Dataset records:

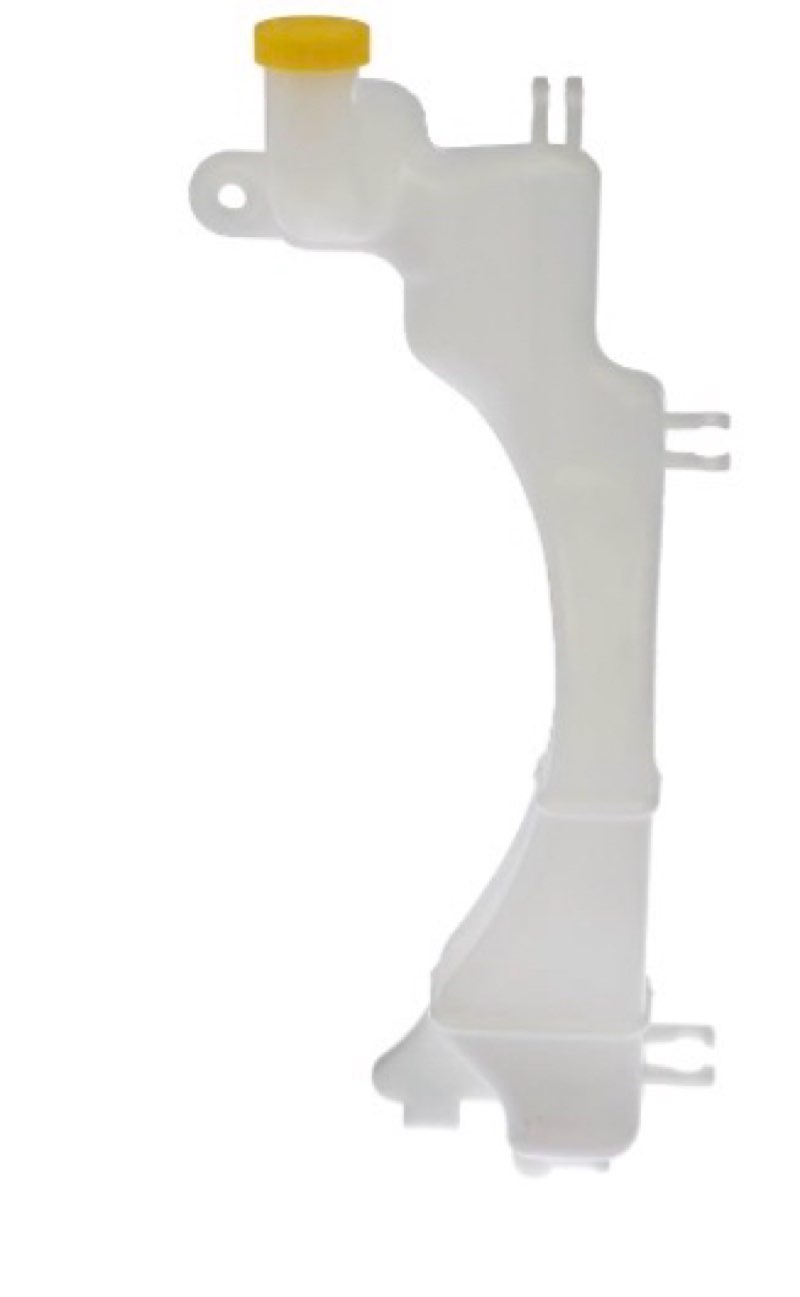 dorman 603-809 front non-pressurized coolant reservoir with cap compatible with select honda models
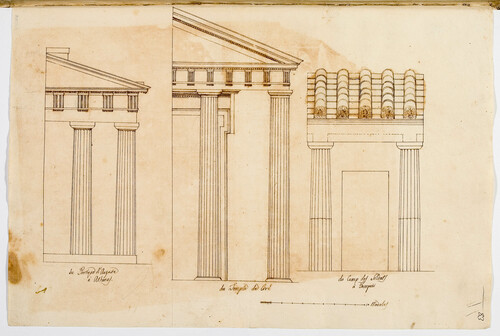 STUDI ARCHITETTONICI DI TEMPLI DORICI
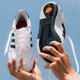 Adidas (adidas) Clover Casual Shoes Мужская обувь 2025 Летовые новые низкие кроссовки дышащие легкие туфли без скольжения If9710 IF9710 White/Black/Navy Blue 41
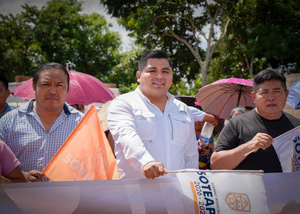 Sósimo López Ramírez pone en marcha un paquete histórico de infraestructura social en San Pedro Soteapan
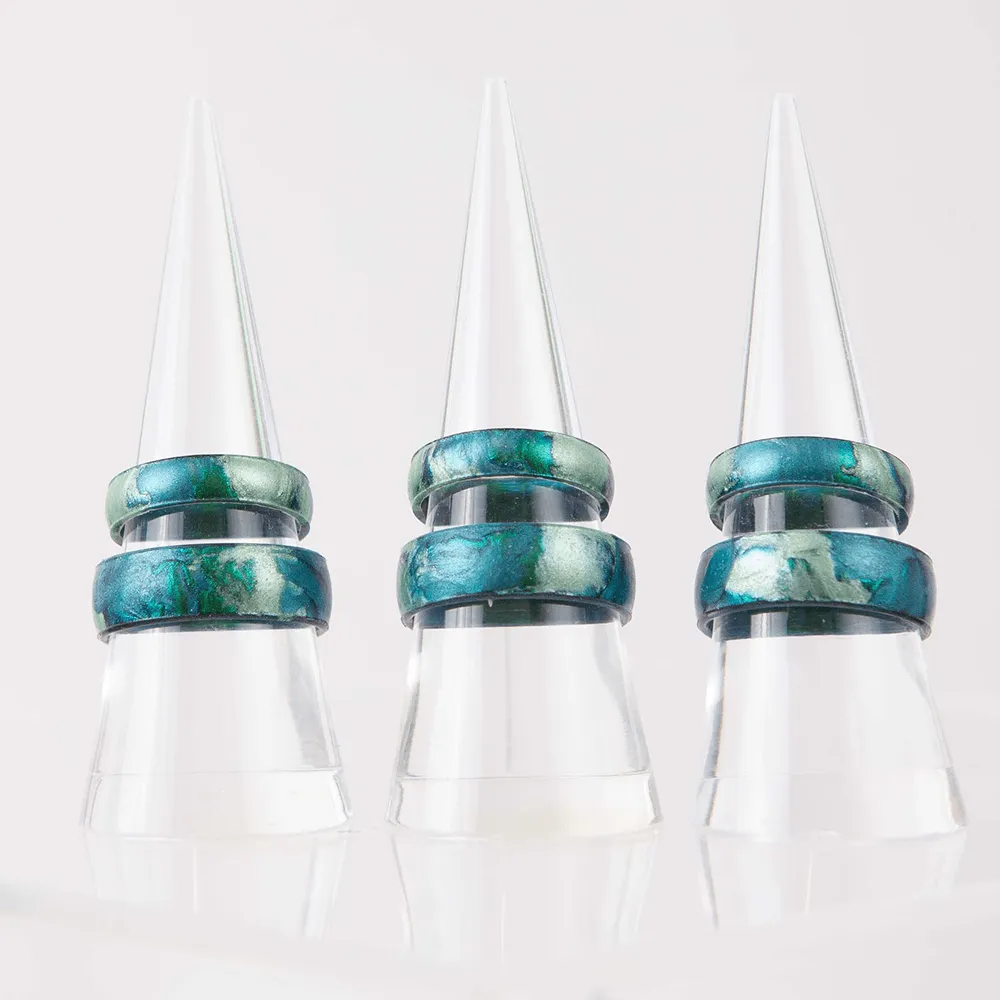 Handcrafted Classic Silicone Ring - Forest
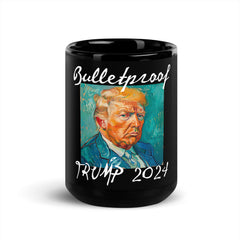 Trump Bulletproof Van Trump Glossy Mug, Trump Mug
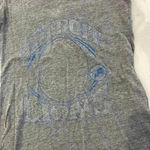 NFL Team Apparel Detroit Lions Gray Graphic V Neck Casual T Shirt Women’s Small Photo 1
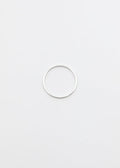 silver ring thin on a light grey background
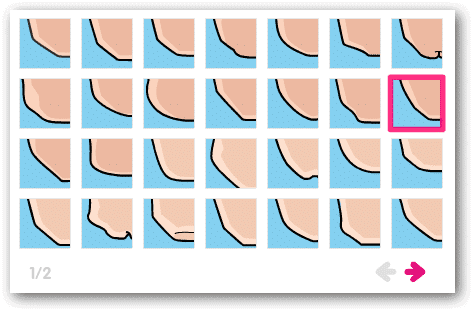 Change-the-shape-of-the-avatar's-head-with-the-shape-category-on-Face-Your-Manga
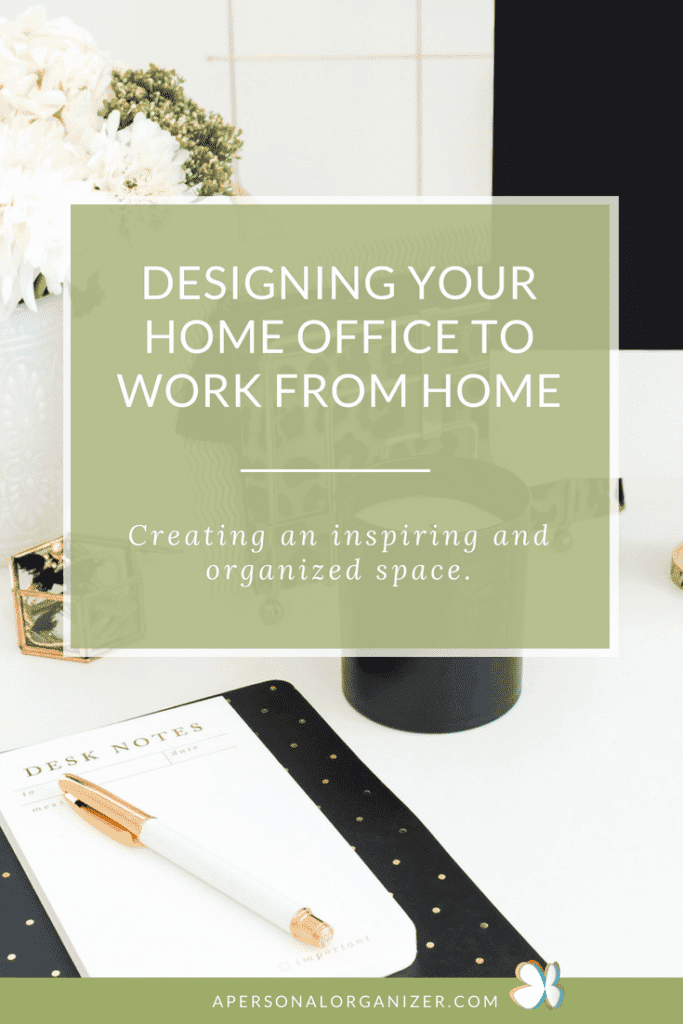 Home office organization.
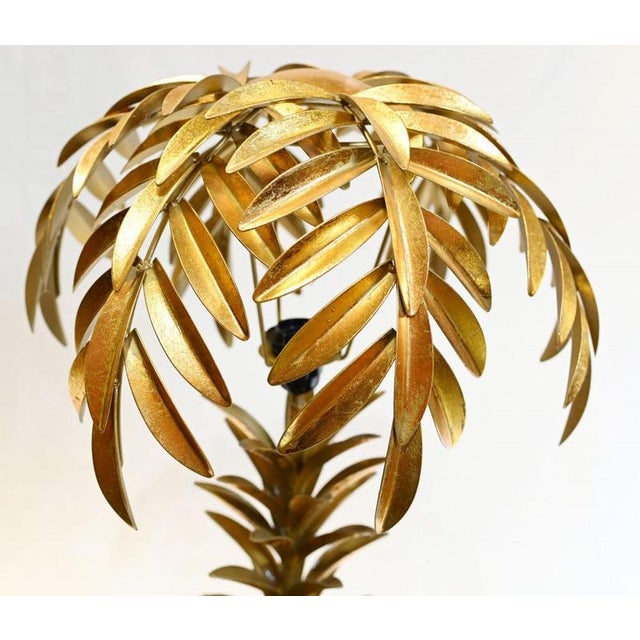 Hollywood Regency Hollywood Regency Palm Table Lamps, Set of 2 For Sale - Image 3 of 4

---

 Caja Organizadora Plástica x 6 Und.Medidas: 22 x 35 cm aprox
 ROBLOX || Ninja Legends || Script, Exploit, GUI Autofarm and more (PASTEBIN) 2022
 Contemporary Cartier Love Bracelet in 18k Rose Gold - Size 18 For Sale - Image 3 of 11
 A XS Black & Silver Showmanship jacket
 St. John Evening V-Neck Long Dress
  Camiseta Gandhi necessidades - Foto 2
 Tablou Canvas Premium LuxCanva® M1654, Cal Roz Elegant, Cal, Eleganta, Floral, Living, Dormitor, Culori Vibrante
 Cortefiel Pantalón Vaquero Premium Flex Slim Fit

* * *

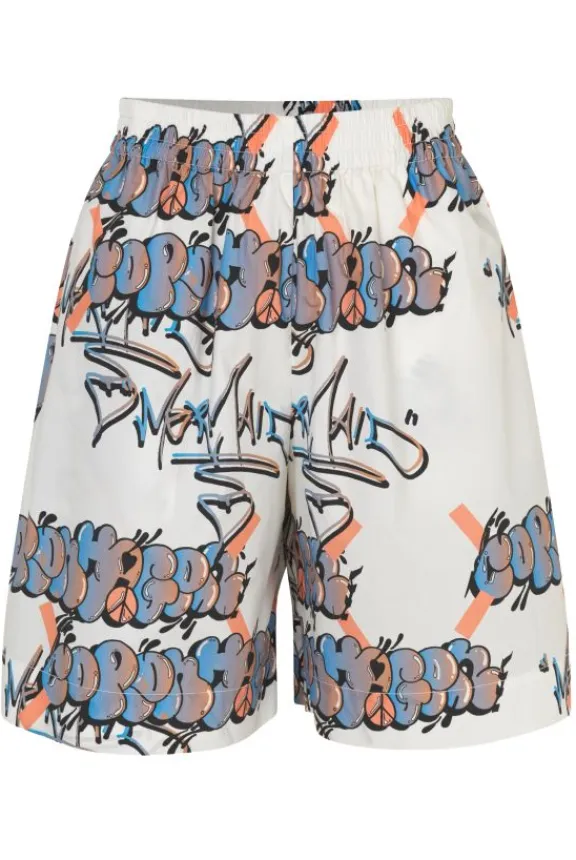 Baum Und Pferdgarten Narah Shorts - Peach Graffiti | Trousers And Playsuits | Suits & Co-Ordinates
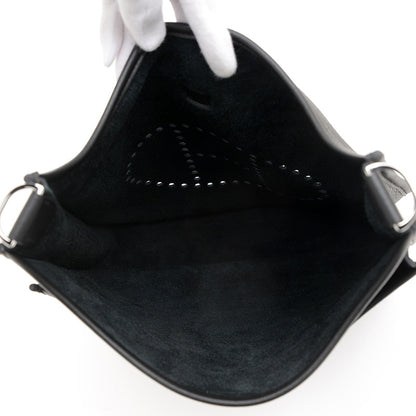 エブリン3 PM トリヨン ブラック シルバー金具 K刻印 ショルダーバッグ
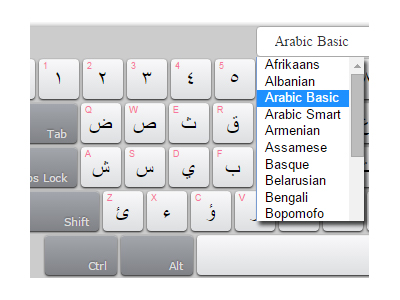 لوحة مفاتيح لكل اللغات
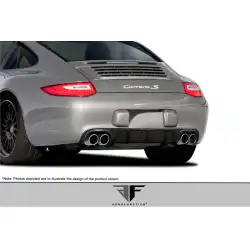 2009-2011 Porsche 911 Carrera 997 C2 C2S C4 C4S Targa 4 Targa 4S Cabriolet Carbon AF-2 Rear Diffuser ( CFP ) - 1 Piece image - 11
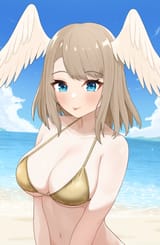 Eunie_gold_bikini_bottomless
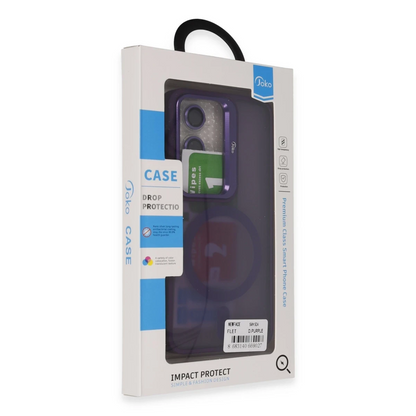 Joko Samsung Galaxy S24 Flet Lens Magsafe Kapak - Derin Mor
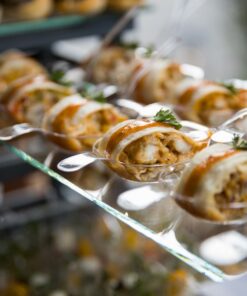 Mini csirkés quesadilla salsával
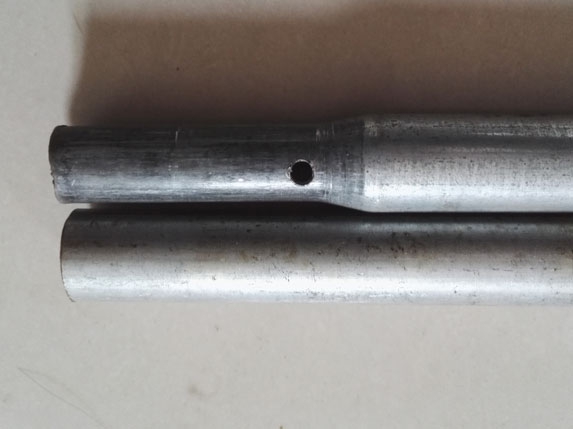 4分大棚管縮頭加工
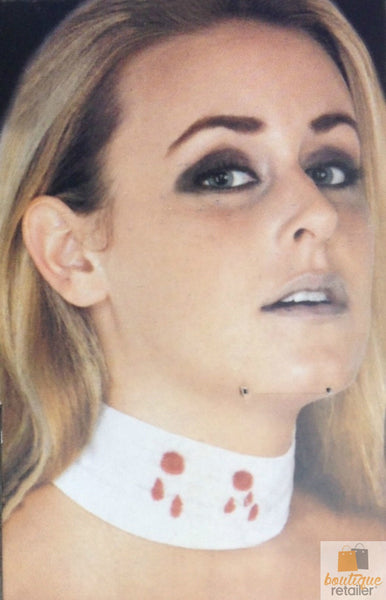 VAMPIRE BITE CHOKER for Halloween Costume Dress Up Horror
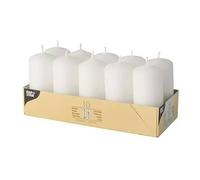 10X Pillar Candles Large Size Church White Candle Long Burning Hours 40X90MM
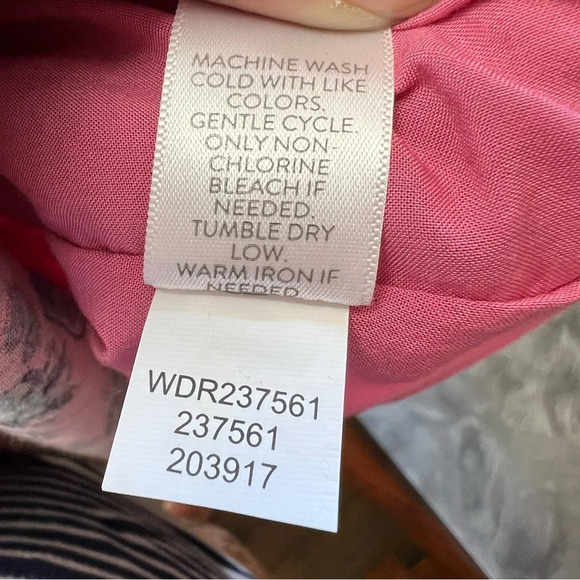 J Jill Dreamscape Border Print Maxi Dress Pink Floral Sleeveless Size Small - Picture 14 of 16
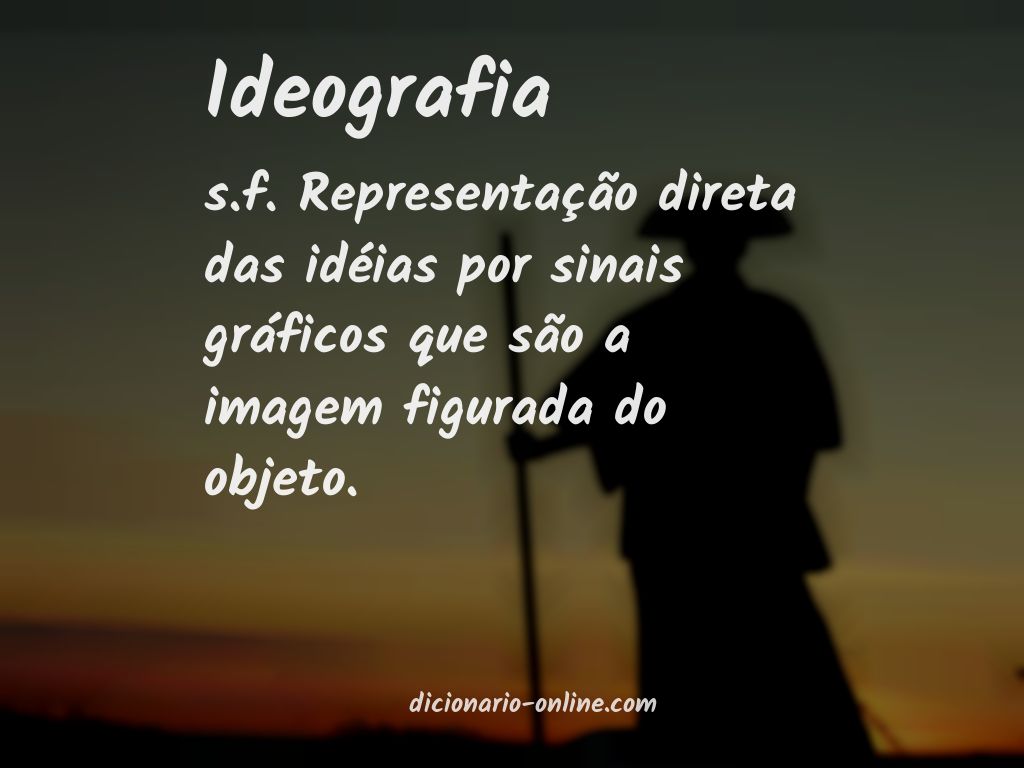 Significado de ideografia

_Problem_.
All lines above from the one containing "10X Pillar Candles" up to and including the one containing "Significado de ideografia" are to be set down exactly, and nothing else. Leave images out.

_Exercise answer_.
 10X Pillar Candles Large Size Church White Candle Long Burning Hours 40X90MM
 J Jill Dreamscape Border Print Maxi Dress Pink Floral Sleeveless Size Small - Picture 14 of 16
 Significado de ideografia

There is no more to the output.